→ **MATERIAL SUPPLIED**:
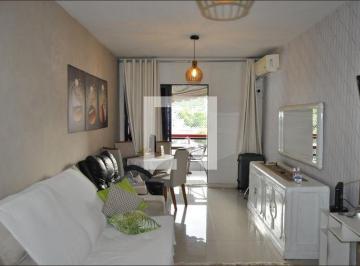 Apartamento · 89m² · 2 Quartos · 1 Vaga · Apartamento à Venda - Méier, 2 Quartos,  89 m² - Rio de Janeiro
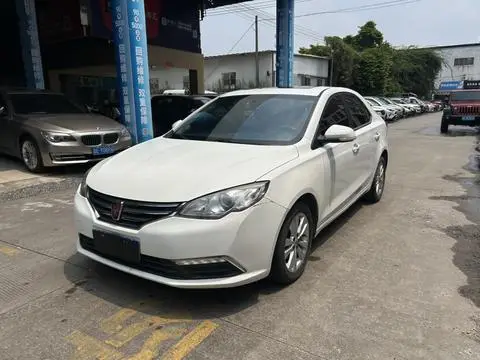 Roewe 360 2015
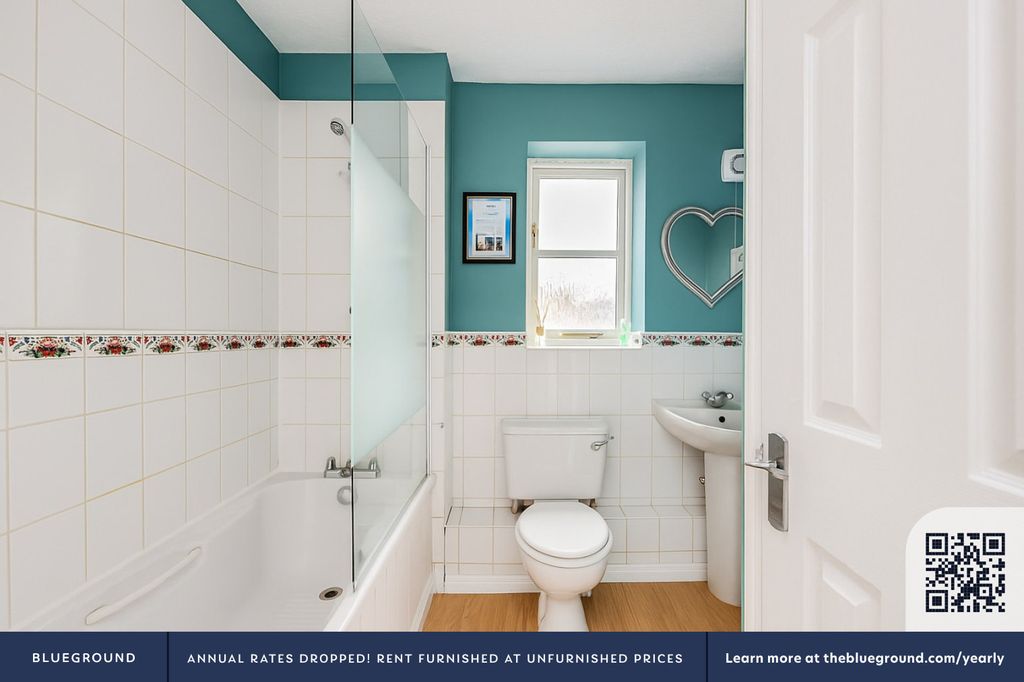 Additional image 23 of 3 bed flat to rentShenley Brook End MK4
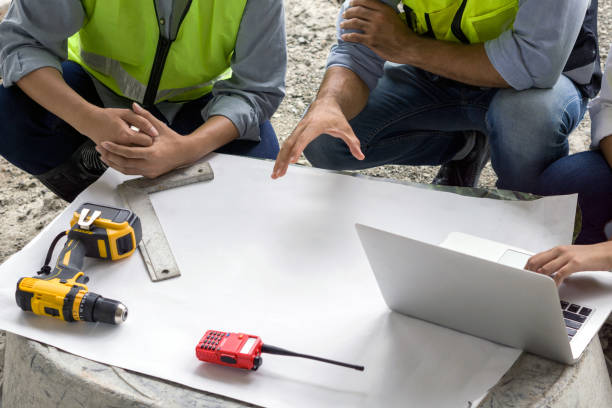 Best Affordable Concrete Contractor  in Aurora, IN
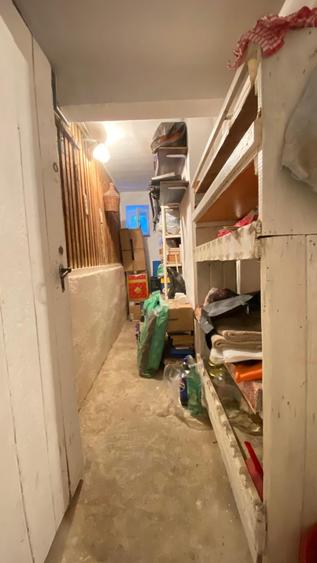 Apartament cu 2 camere decomandat în Tractorul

→ **INSTRUCTIONS TO FOLLOW**:
None of the pictures should appear; copy the rest of the material above exactly.

→ **WRITTEN SOLUTION**:
 Apartamento · 89m² · 2 Quartos · 1 Vaga · Apartamento à Venda - Méier, 2 Quartos,  89 m² - Rio de Janeiro
 Roewe 360 2015
 Additional image 23 of 3 bed flat to rentShenley Brook End MK4
 Best Affordable Concrete Contractor  in Aurora, IN
 Apartament cu 2 camere decomandat în Tractorul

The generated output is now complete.